El español es un pueblo de temperamento contradictorio: se niega a obedecer a las órdenes de la autoridad, pero obedece exactamente las mismas cosas si no parece que se las ordenan. Ha ocurrido con la última "ley antitabaco" como pasó con el famoso motín de Esquilache, hace dos siglos y medio. Ha pasado a la pequeña Historia popular que el pueblo español se amotinó en las calles porque un ministro italiano de Carlos III, el marqués de Esquilache, quiso prohibir las capas largas y los sombreros anchos (que entonces se llevaban en España), porque presuntamente ocultaban la comisión de delitos. Pero se ha contado mucho menos la segunda parte de la historia: que muy poco tiempo después el mismo pueblo español prescindió de buen grado de aquello que había motivado su motín, la capa larga y sombrero ancho, cuando empezó a imitar a la gente que traía otras vestimentas más inspiradas en la contemporeneidad europea. O sea, que el pueblo estuvo dispuesto a enfrentarse al ejército y a acabar con la monarquía española y a pegarle fuego al país, si hacía falta, por negarse a vestir como a los dos días en efecto vistió, ya porque quiso, no porque se lo exigían. Con el tabaco está ocurriendo algo similar, pero al revés, según comprobé personalmente en Murcia, esta semana, invitado por una asociación semiclandestina de amantes de los puros habanos. Gente que no fumaba está empezando a fumar en lugares públicos (y a la vez secretos), sobre todo por fastidiar a la autoridad.
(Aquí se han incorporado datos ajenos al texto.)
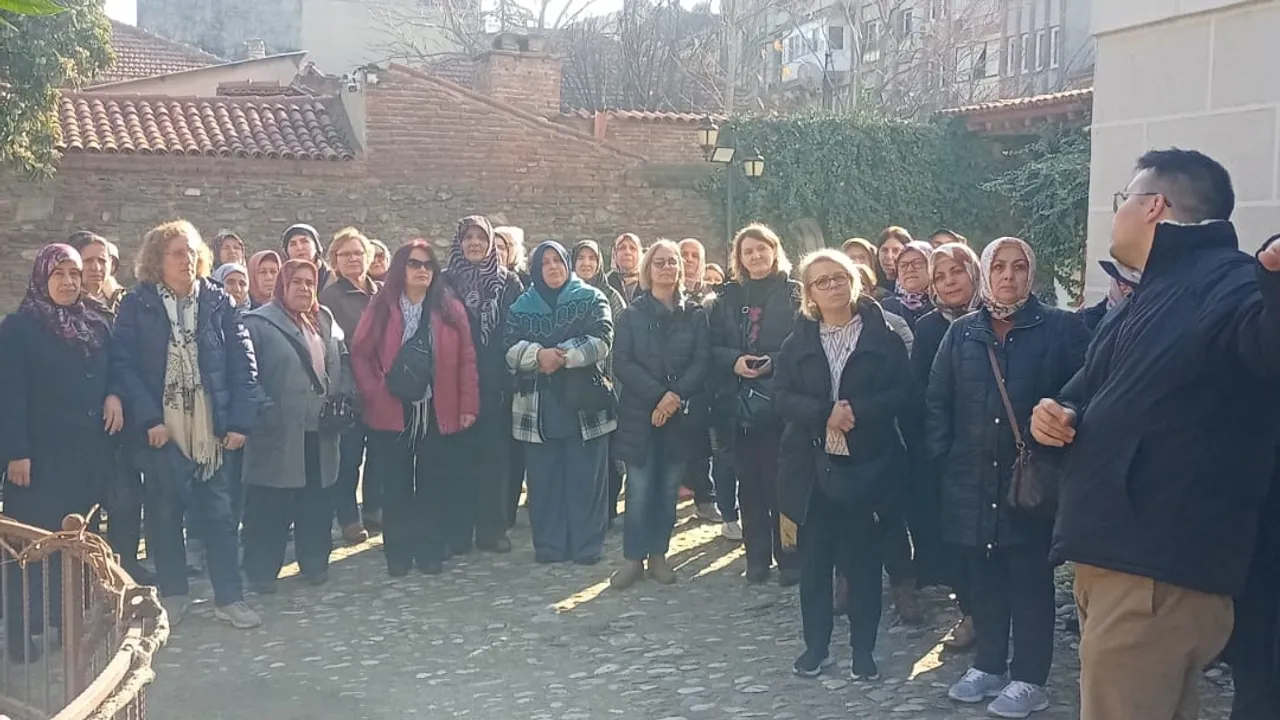 56 kişilik kadın Kafilesi Salihli’yi adım adım gezdi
Se ha querido prohibir a los españoles, desde el Gobierno, el fumar por ejemplo en restaurantes, algo que aparentemente ha tenido éxito. Sólo aparentemente. No es que ahora se fume menos en restaurantes públicos, sino que se fuma de diferente forma y con otros códigos. Y además, como digo, está fumando gente que no lo hacía cuando estaba permitido, porque ahora tiene mucha más "gracia". Lo que casi nunca se obedece en España es el despotismo ilustrado, aunque las razones de ese despotismo sean plausibles (la salud y tal). Los españoles, y en este caso los murcianos, están desobedeciendo la prohibición hasta tal punto que en la capital de la Región empiezan a proliferar "hermandades" más o menos subrepticias, no declaradas, casi embozadas (como los conciliábulos políticos del Madrid decimonónico, donde se conspiraba), de degustadores de tabaco, asociaciones reunidas en locales donde antes se fumaba y ahora teóricamente, a ojos de la policía y de los gobernantes, no se hace en absoluto.
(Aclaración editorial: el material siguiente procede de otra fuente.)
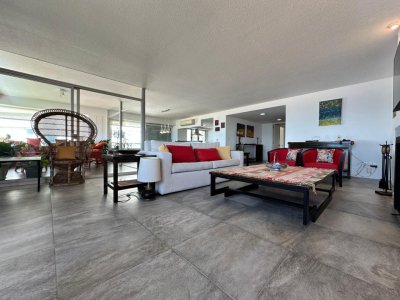 VENTA DE APARTAMENTO SOBRE PLAYA BRAVA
Esto no tiene nada que ver con los que ya se conocen en toda España y también en Murcia como "clubs de fumadores", que son conocidos, anunciados y están localizados y registrados como tales, y que carecen de atractivo estético salvo para los incondicionales del vicio. No. Estoy hablando de apetecibles reuniones movedizas, a veces producto del boca a boca, en restaurantes donde está prohibidísimo y donde ahora se trabaja con la confidencialidad. El placer de la subversión se viene a unir a un nuevo culto al tabaco de la mejor factura (como digo, el puro habano está experimentando una resurrección sorprendente). Esta semana me invitaron a una de esas reuniones clandestinas, en un conocidísimo local del centro de la capital, que hubiese motivado por sí sola un ataque de ansiedad a las actuales autoridades sanitarias. Restaurantes perfectamente públicos, aunque habitados por una noche sólamente por "iniciados" (se acabará imponiendo el uso de una contraseña), que ofrecen el servicio habitual excepto que a los postres, y a veces entre plato y plato, cultivan esa neblina hedonista que incluso aquellos a los que jamás les gustó echan de menos. Por motivos evidentes, no se pueden dar referencias de dónde y cuándo y quiénes, en este artículo. Baste saber que es una realidad. Si quieren iniciarse en este nuevo mundillo, pregunten a algún amigo del que sospechen que en sus ratos libres se salta las indicaciones del Gobierno. Si se volviese a autorizar el tabaco, el placer ya no sería el mismo.